TransPV: Refining photovoltaic panel detection accuracy through a vision transformer-based deep learning model

The increasing need to develop renewable energy sources to combat climate change has led to a significant rise in demand for photovoltaic (PV) installations. Consequently, accurately detecting and estimating the capacity and potential for electricity generation of these installed PV systems has become crucial for effective energy management. However, due to the limitation of localized mechanism in convolution operations, traditional FCNbased methods face challenges in capturing global dependencies among remote sensing image patches. As a result, they struggle to model long-range interactions between different PV panels with diverse structures, including varying size, shape, and texture, particularly in distributed residential areas. To tackle the challenge of modeling PV panels with diverse structures, we propose a coupled U-Net and Vision Transformer model named TransPV for refining PV semantic segmentation. Specifically, Mix Transformer block is incorporated in the encoder to enhance the modeling of global context, while the U-Shaped structure enables the combination of multi-level features, resulting in enriched feature representation, which helps the model better understand objects in the images, regardless of their shape, size, and texture. In addition, we implement the PointRend module in the decoder to obtain finer segmentation boundary details, and utilize a novel refiner loss function during the training process to alleviate the problem of extremely unbalanced samples. The experimental results from the Heilbronn datasets demonstrate the remarkable performance of our proposed TransPV model in addressing intraclass diversity of PV structures, surpassing previous state-of-the-art methods with an impressive IoU and accuracy of 0.802 and 0.876, respectively.

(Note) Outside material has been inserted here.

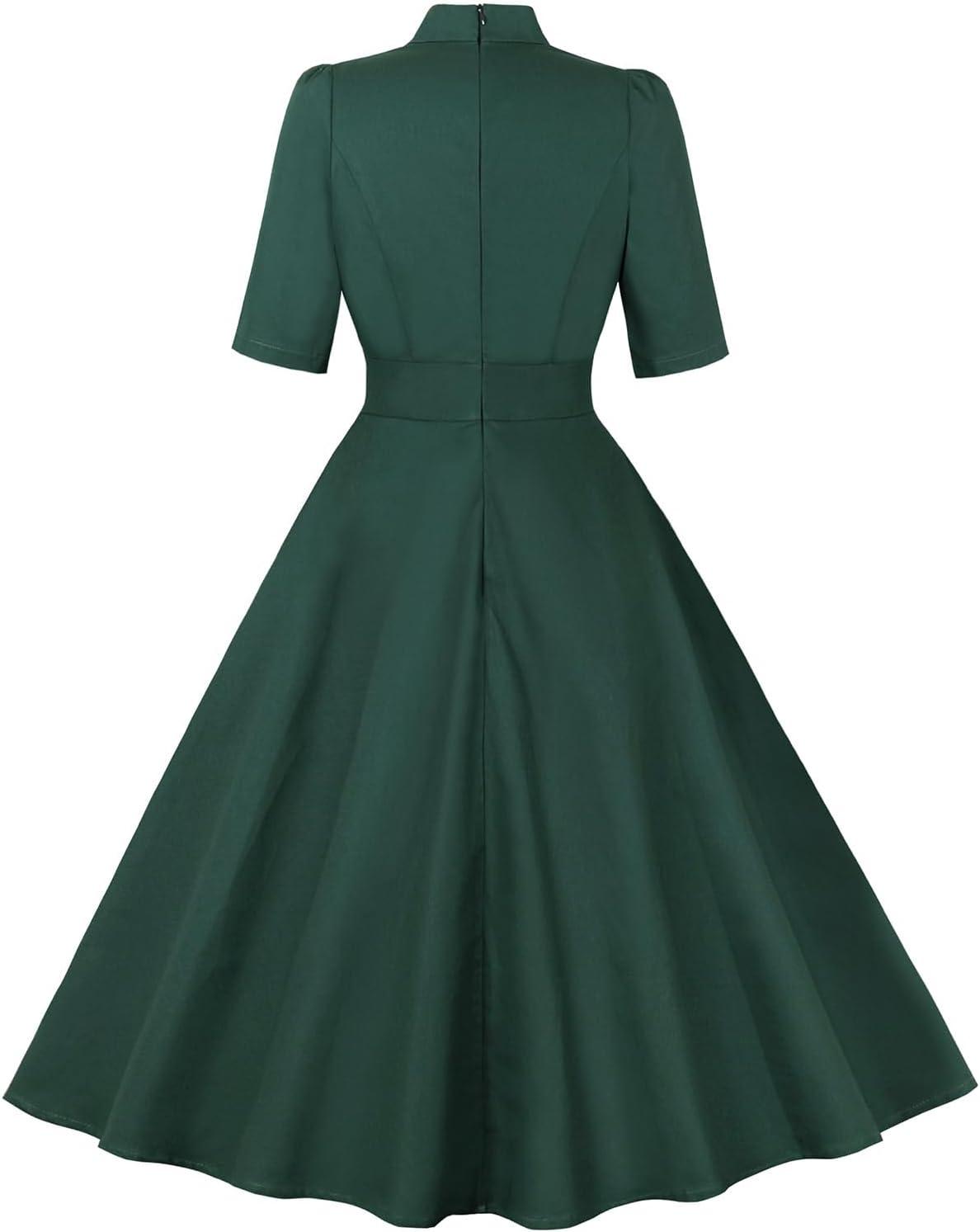 imageIDOPIP 1950s Women Vintage Swing Dress Elegant Tie Neck Cocktail Midi Dress ALine Formal Wedding Evening Party Retro DressGreen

Furthermore, our model exhibits high generalization capability on the BDPV dataset with IoU of 0.745. The obtained results highlight the superiority of TransPV in improving accuracy and addressing diverse structure issues in PV segmentation, which provides valuable insights for optimizing the efficiency and sustainability of renewable energy.

Automated summary

To effectively manage energy, accurately detecting and estimating the generating capacity of installed photovoltaic systems is crucial. However, traditional methods face challenges in capturing global dependencies among remote sensing images. Therefore, we propose a coupled U-Net and Vision Transformer model named TransPV for refining PV semantic segmentation. Experimental results demonstrate the remarkable performance of TransPV in addressing the diversity of PV structures.